In der 68er-Generation hatten zumindest die privilegierten Studenten an der Universität – aus heutiger Sicht geradezu unvorstellbare – Freiräume zur Verfügung, und angesichts der guten Arbeitsmarktaussichten war auch die berufliche Zukunft weitgehend sicher, selbst wenn man durch wilde Revolutionsrhetorik von sich reden machte. Heute müssen selbst Studenten unter der verbetriebswirtschaftlichten Realität eines verschulten Studienbetriebs leiden. Solange die zur Verfügung stehenden Freiräume so gering sind, solange ist sicherlich damit zu rechnen, dass die Konstitution eines angemessenen öffentlichen Krisendiskurses und einer demonstrierenden Bewegung gegen die Zumutungen gegenwärtiger Scheinreformpolitik nur äußerst beschwerlich vorankommt.
Immer wieder ist von Alt-68ern zu hören, dass sie bei der heutigen Jugendgeneration ein vergleichbares Engagement für utopische Gesellschaftsentwürfe und ein Aufbegehren vermissen, wie sie es aus ihrer Jugend gewohnt sind.

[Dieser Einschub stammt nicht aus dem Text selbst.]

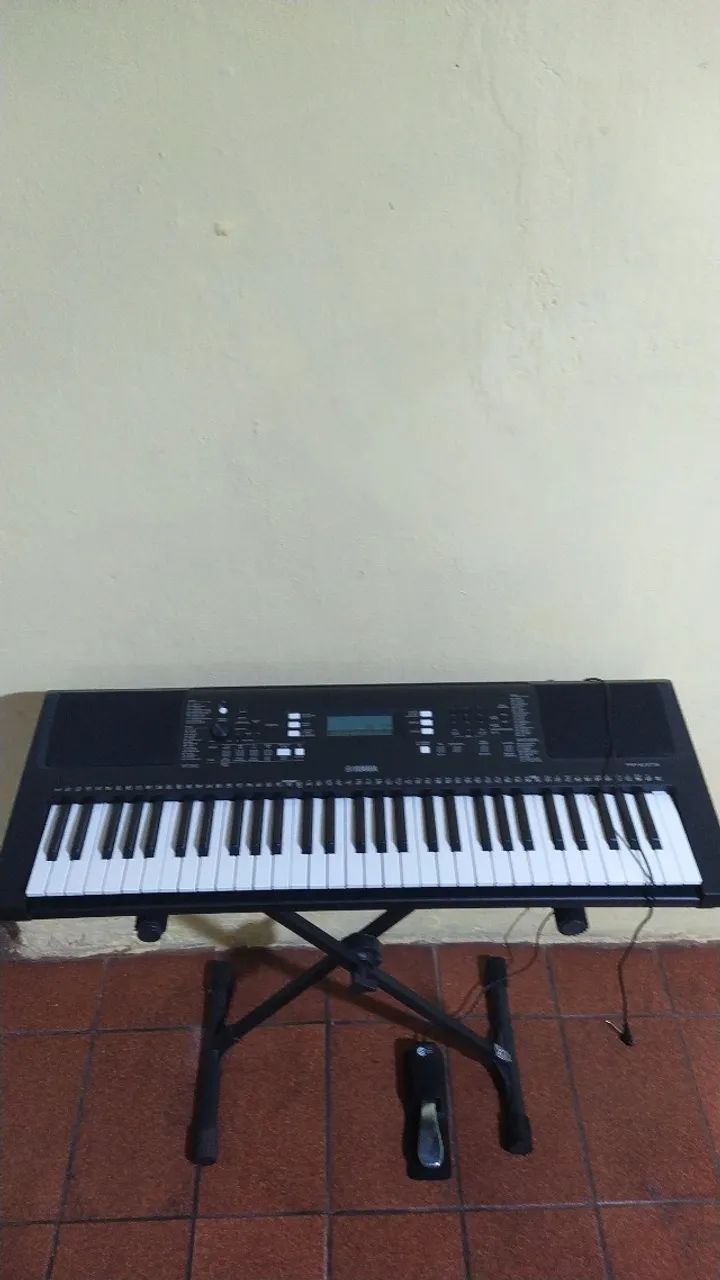 Teclado Yamaha + Suporte + Pedal - Foto 2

Dazu kann man nur sagen: Als privilegierter studentischer 68er hatte man dazu auch sehr günstige (nicht zuletzt ökonomische) Bedingungen, sich derart weitreichend mit solchen Grundsatzfragen des Lebens zu beschäftigen (abgesehen davon, dass die gesellschaftspolitischen Hervorbringungen von damals sich auch als wenig belastbar erwiesen haben). Will man heute nicht nur den – noch vergleichsweise privilegierten – Studenten ähnliche Freiräume zurückgeben, sondern für alle günstige Voraussetzungen zur Teilnahme an politischen Zukunftsdebatten bzw. am öffentlichen Diskurs schaffen, drängt sich ein zum Leben ausreichendes bedingungsloses Grundeinkommen als Ansatz geradezu auf. Aber natürlich wäre es unsinnig auf die Verbreitung dieser Einsicht zu warten. Um die beschwerliche, allmähliche Ausweitung des Grundeinkommensdiskurses unter widrigen Bedingungen führt wahrscheinlich kein Weg vorbei.